Afin de garantir le caractère équitable de la réforme des retraites, le gouvernement s'est engagé, et c'est là un axe majeur de cette réforme, à apporter une réponse durable à la question de la pénibilité au travail. Elle passe par la reconnaissance d'une juste compensation pour les salariés concernés, mais aussi par la prévention de l'exposition à des facteurs de pénibilité. La création d'un compte personnel de prévention de la pénibilité représente, à cet égard, une avancée sociale essentielle. Ayant bien conscience des difficultés auxquelles doivent faire face les petites entreprises, notamment dans le secteur du bâtiment et des travaux publics, la priorité du gouvernement a été de privilégier des solutions offrant la plus grande simplicité de gestion et de sécurité juridique tant pour les entreprises dans leurs obligations de déclaration des situations de pénibilité que du point de vue des salariés pour la mobilisation de leurs droits. La concertation conduite par Michel de Virville s'est efforcée de trouver les modalités de mise en oeuvre les plus simples, les moins coûteuses et les plus sûres. Beaucoup de propositions ont été prises en compte : annualisation des seuils, déclaration unique en fin d'année, dématérialisation et simplification de la fiche de pénibilité, calendrier très progressif de montée en charge des cotisations. Cette réforme est importante et engage sur le long terme. Elle crée un droit, non pas pour quelques années, mais pour des générations entières de salariés. Elle mérite, pour assurer sa réussite, un temps d'appropriation pour les entreprises par une montée en charge progressive du dispositif. C'est la raison pour laquelle, l'année 2015 sera une année de « rodage » du dispositif sur une partie des facteurs de pénibilité identifiés (4 sur 10, les plus simples à identifier), avant sa généralisation en 2016, car il ne peut être question de remettre en cause l'objectif.
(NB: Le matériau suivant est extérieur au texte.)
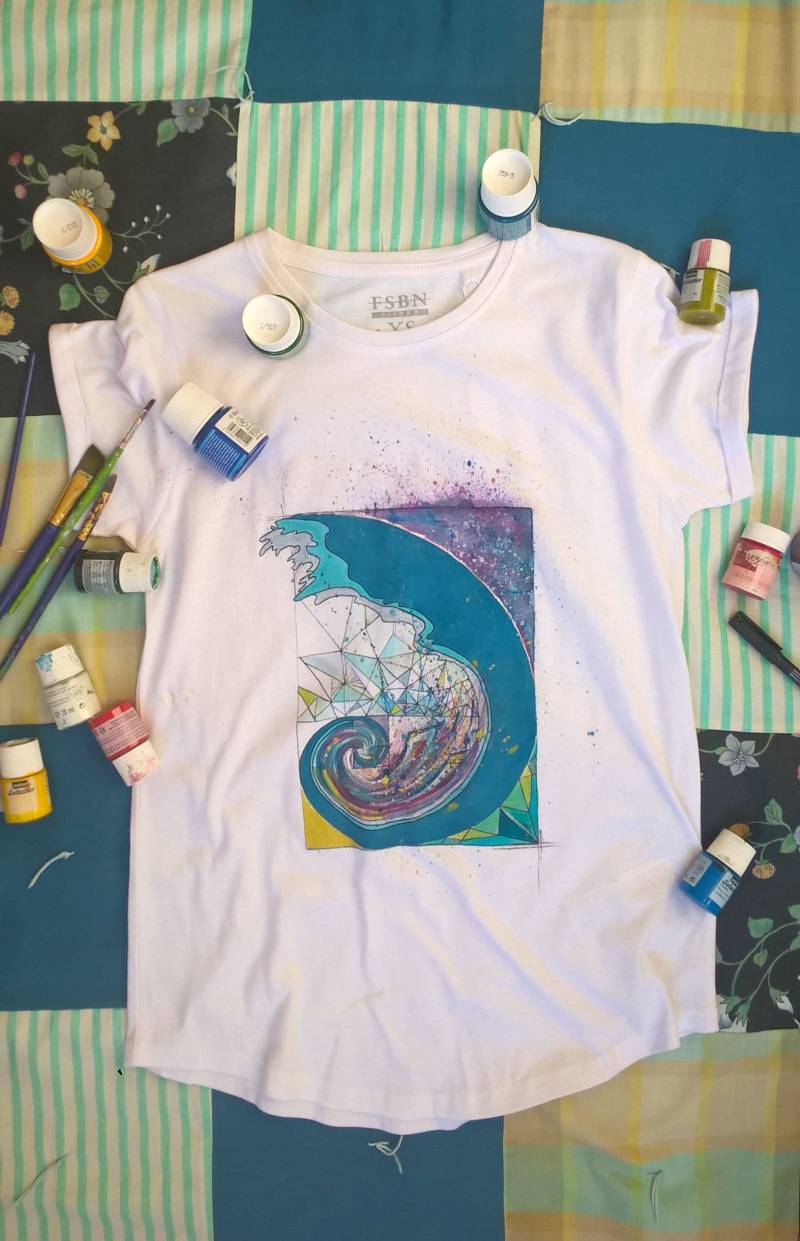 Goldener Schnitt Handbemalt T-Shirt von Artiomity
Comme l'a réaffirmé le Président de la République lors du discours d'ouverture de la troisième Grande Conférence Sociale : « traiter de la pénibilité, là encore, a été un progrès [...]. Cette pénibilité aura maintenant toute sa place dans la législation française ». La loi s'appliquera donc bien à partir du 1er janvier 2015 et sera pleinement opérationnelle et effective dès 2016. Cela laisse une année pour permettre aux entreprises d'assurer une pleine application dans la durée du compte pénibilité et ainsi garantir la réussite de cette réforme.